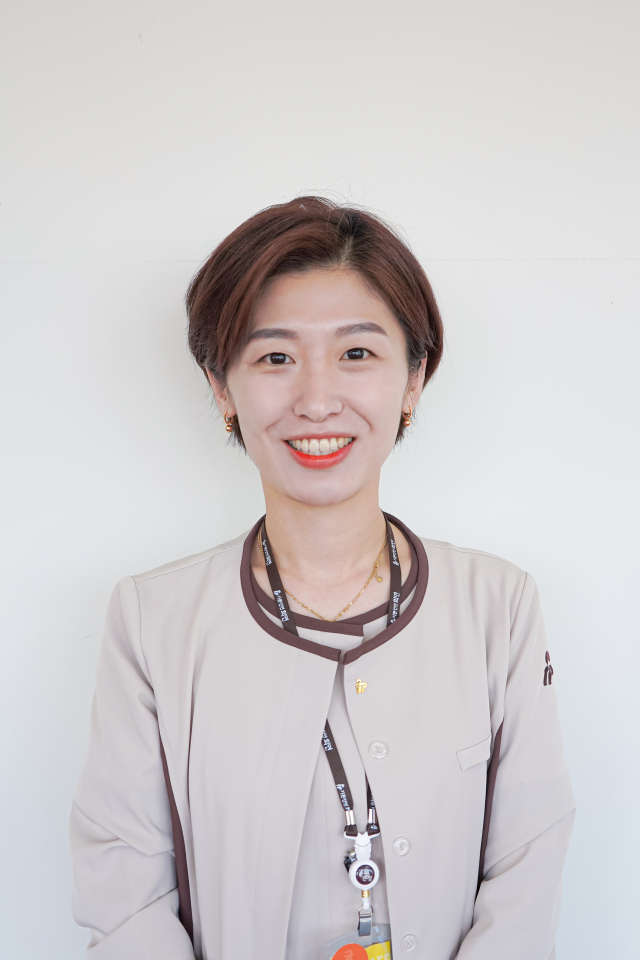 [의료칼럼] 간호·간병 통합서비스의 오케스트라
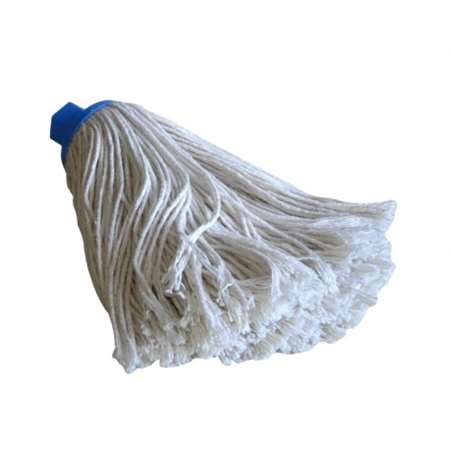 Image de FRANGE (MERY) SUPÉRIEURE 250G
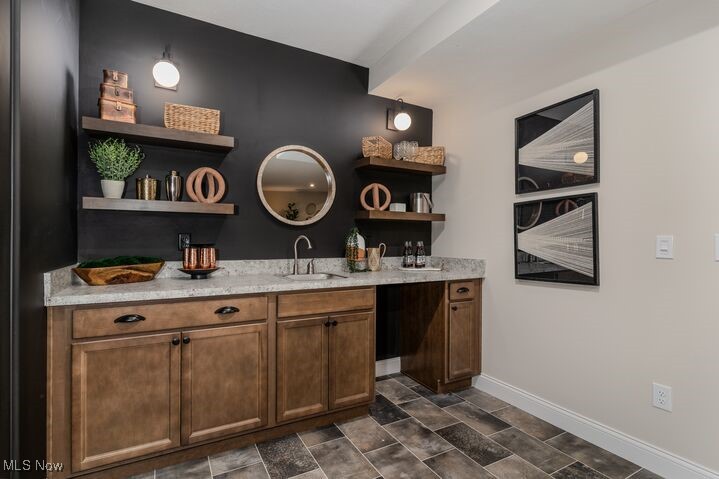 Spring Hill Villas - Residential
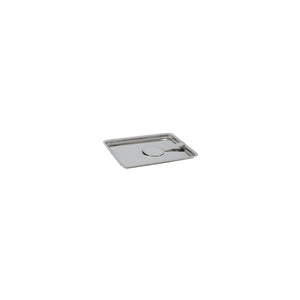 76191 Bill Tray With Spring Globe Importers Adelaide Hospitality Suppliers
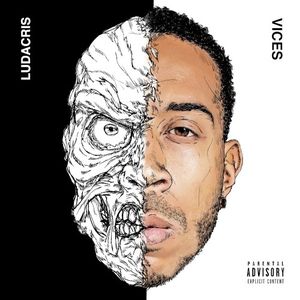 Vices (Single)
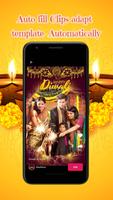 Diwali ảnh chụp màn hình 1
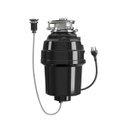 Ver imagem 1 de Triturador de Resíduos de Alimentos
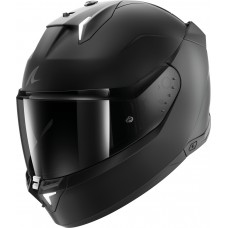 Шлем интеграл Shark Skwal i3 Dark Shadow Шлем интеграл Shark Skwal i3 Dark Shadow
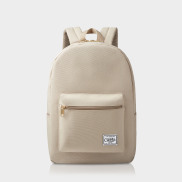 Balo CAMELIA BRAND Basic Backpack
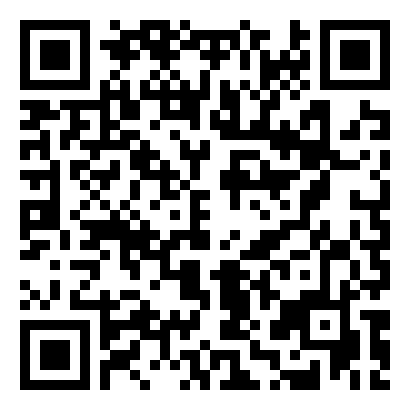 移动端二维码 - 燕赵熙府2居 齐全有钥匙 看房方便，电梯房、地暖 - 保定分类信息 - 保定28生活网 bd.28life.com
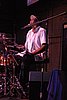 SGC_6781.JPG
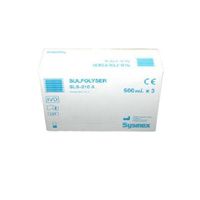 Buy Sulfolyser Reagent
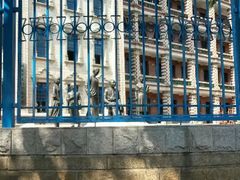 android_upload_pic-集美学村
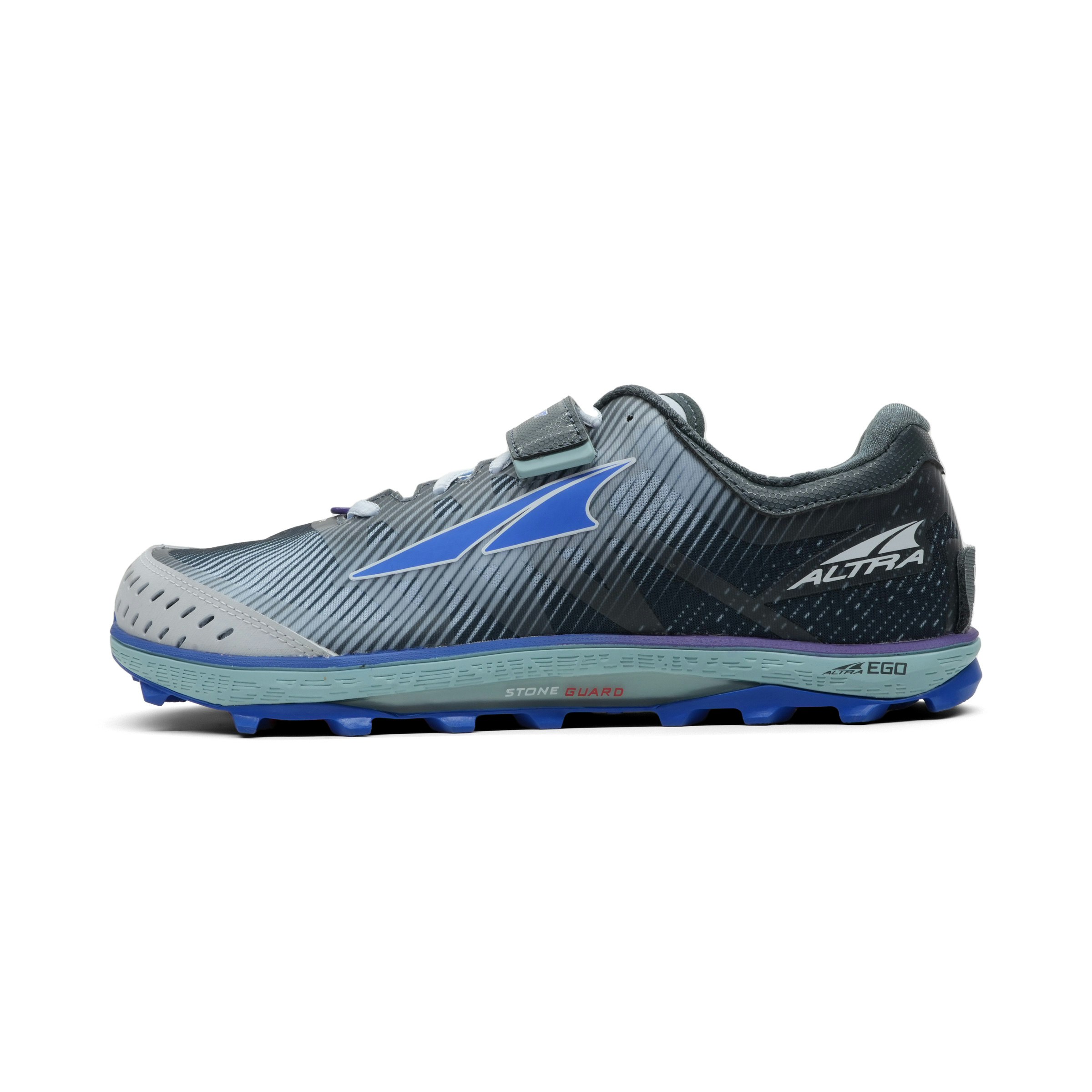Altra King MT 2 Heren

┄┄┄┄┄┄

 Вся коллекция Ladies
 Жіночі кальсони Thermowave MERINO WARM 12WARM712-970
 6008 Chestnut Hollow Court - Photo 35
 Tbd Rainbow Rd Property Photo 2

┄┄┄┄┄┄

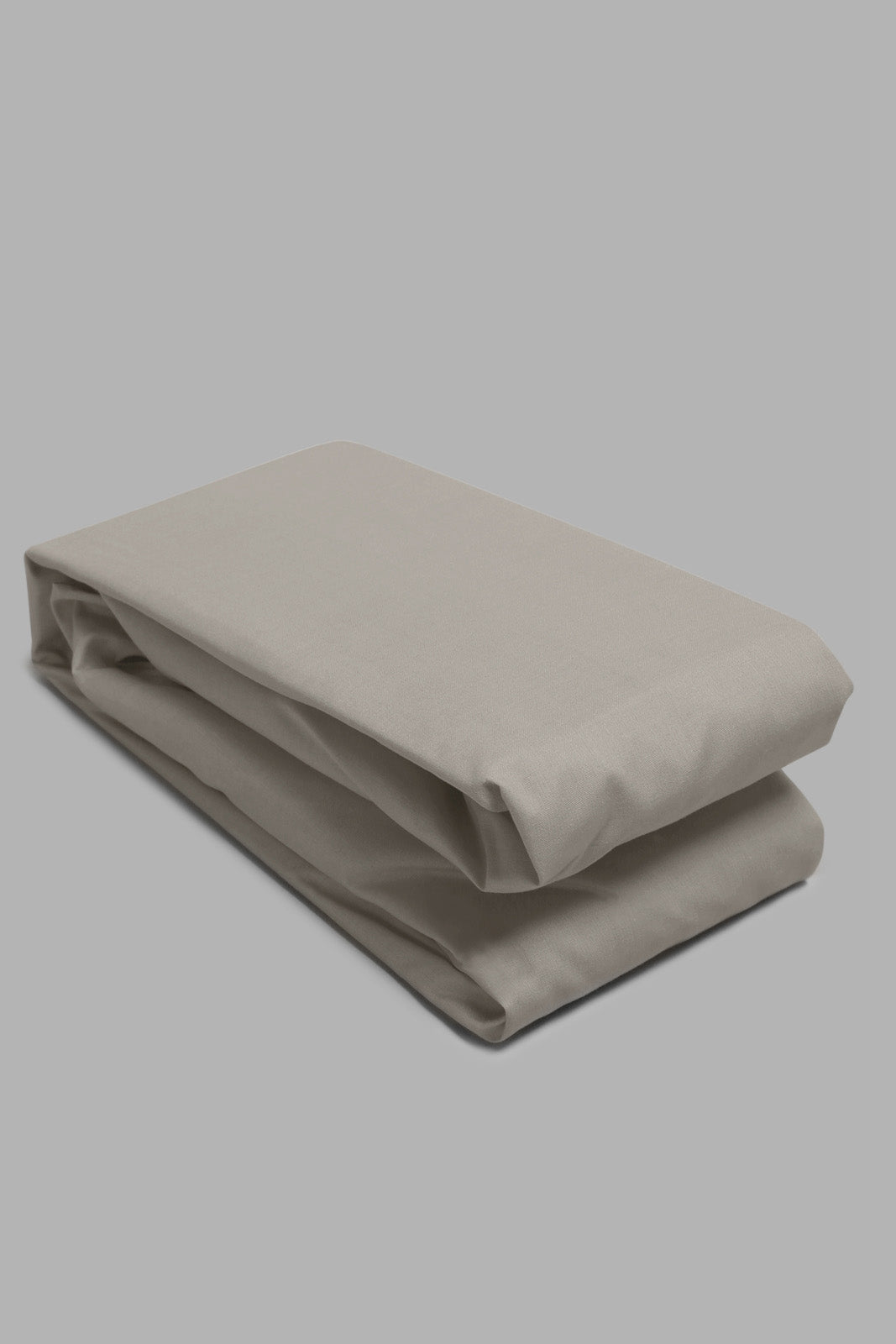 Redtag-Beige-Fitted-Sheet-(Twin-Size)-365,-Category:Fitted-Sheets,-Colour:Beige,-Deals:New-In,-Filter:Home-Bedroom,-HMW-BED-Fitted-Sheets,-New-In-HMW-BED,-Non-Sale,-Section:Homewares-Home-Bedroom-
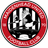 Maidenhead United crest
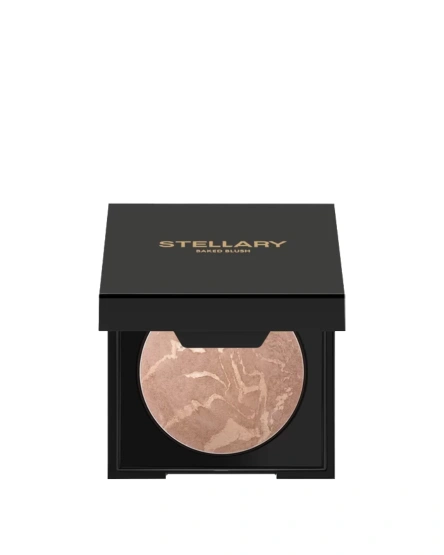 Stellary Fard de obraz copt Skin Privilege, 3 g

┄┄┄┄┄┄

Looking at the entries above, copy out every line in which "Photo" occurs.

TASK RESULT:
 6008 Chestnut Hollow Court - Photo 35
 Tbd Rainbow Rd Property Photo 2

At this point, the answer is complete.